§ **WHAT THIS TASK INVOLVES**: The listing below should be reproduced exactly, with the pictures omitted.

§ **SUPPLIED MATERIAL**:
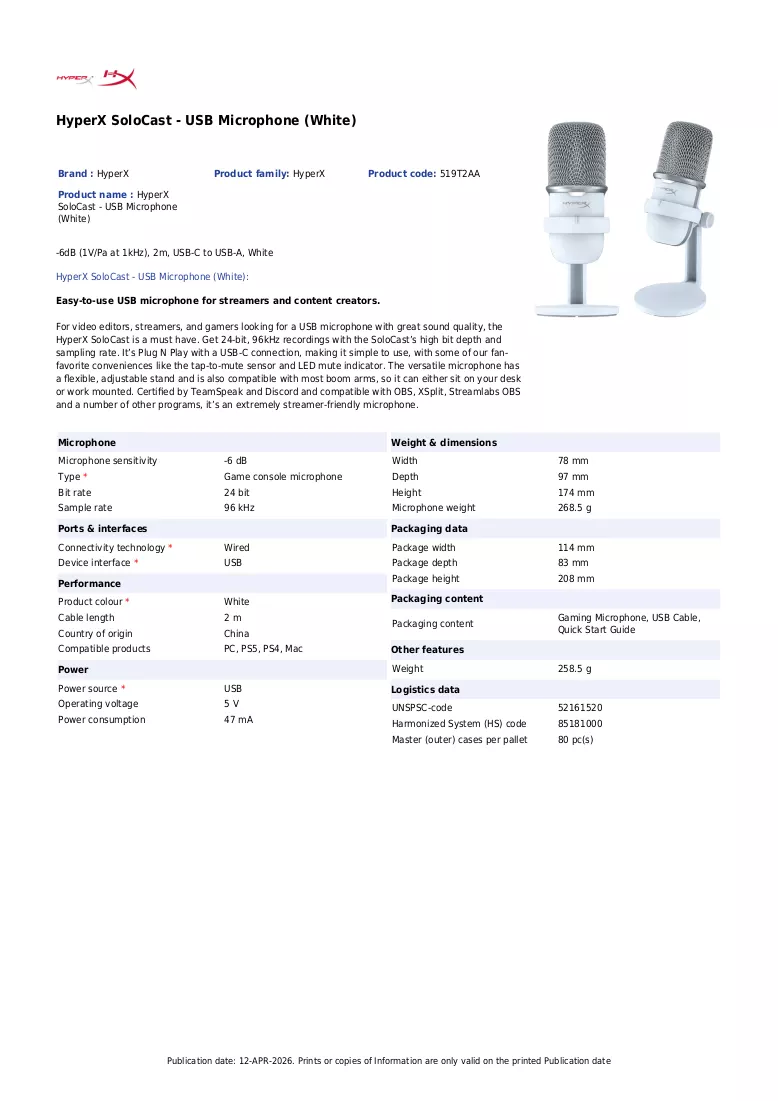 Brochure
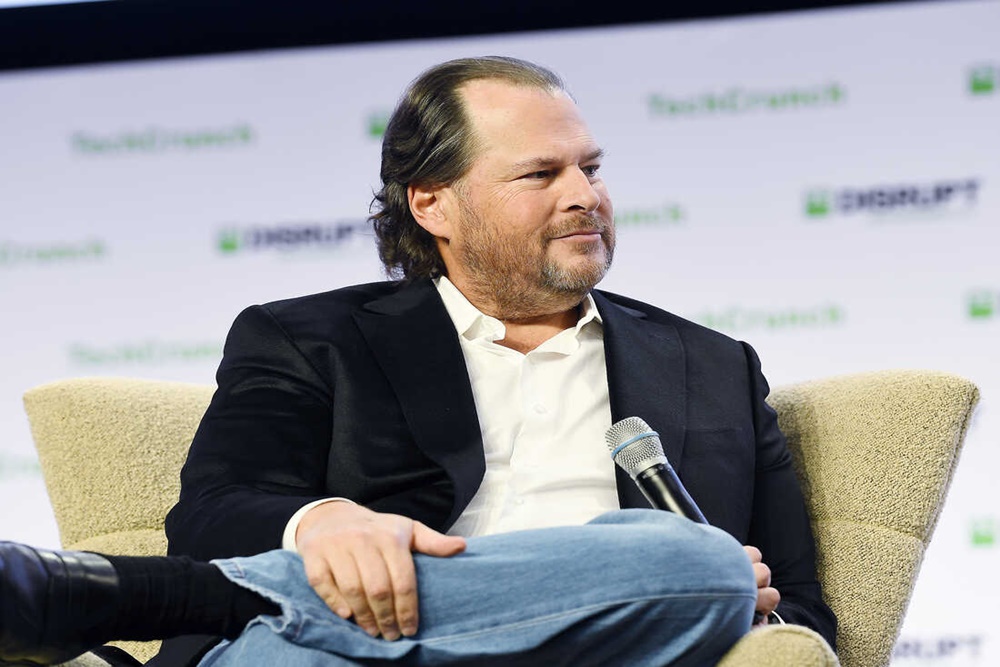  Mengenal Sosok Marc Benioff, Pendiri Salesforce yang Pernah Magang di Apple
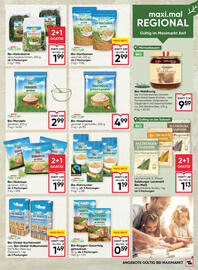 Maximarkt Flugblatt Seite 11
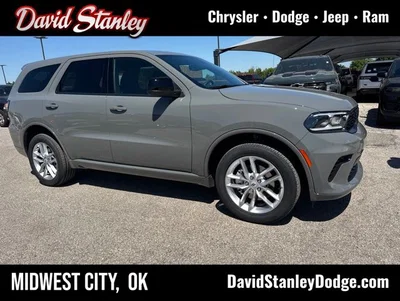 new 2026 DODGE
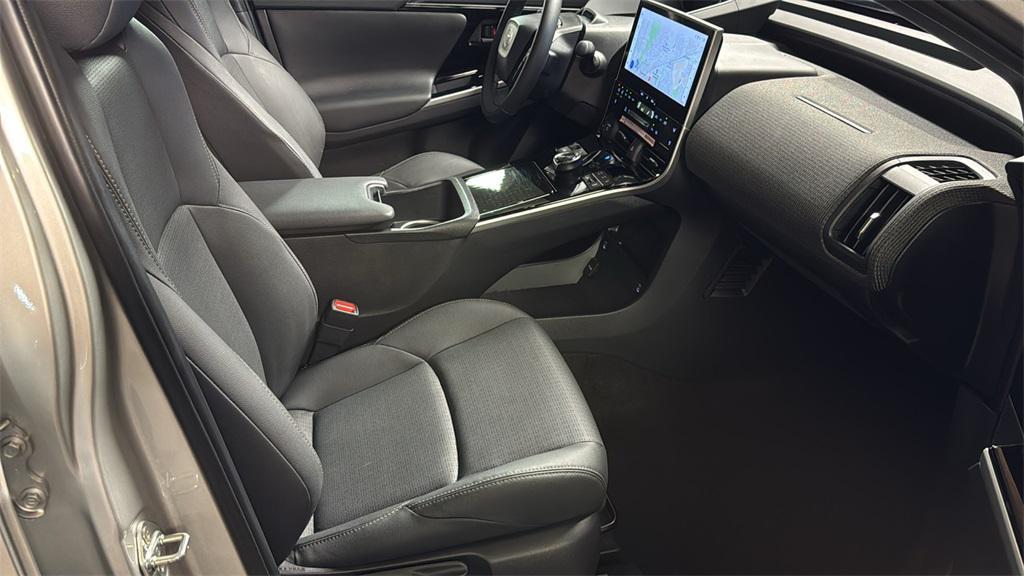 used 2024 Toyota bZ4X car, priced at $25,997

§ **RESPONSE**:
 Brochure
  Mengenal Sosok Marc Benioff, Pendiri Salesforce yang Pernah Magang di Apple
 Maximarkt Flugblatt Seite 11
 new 2026 DODGE
 used 2024 Toyota bZ4X car, priced at $25,997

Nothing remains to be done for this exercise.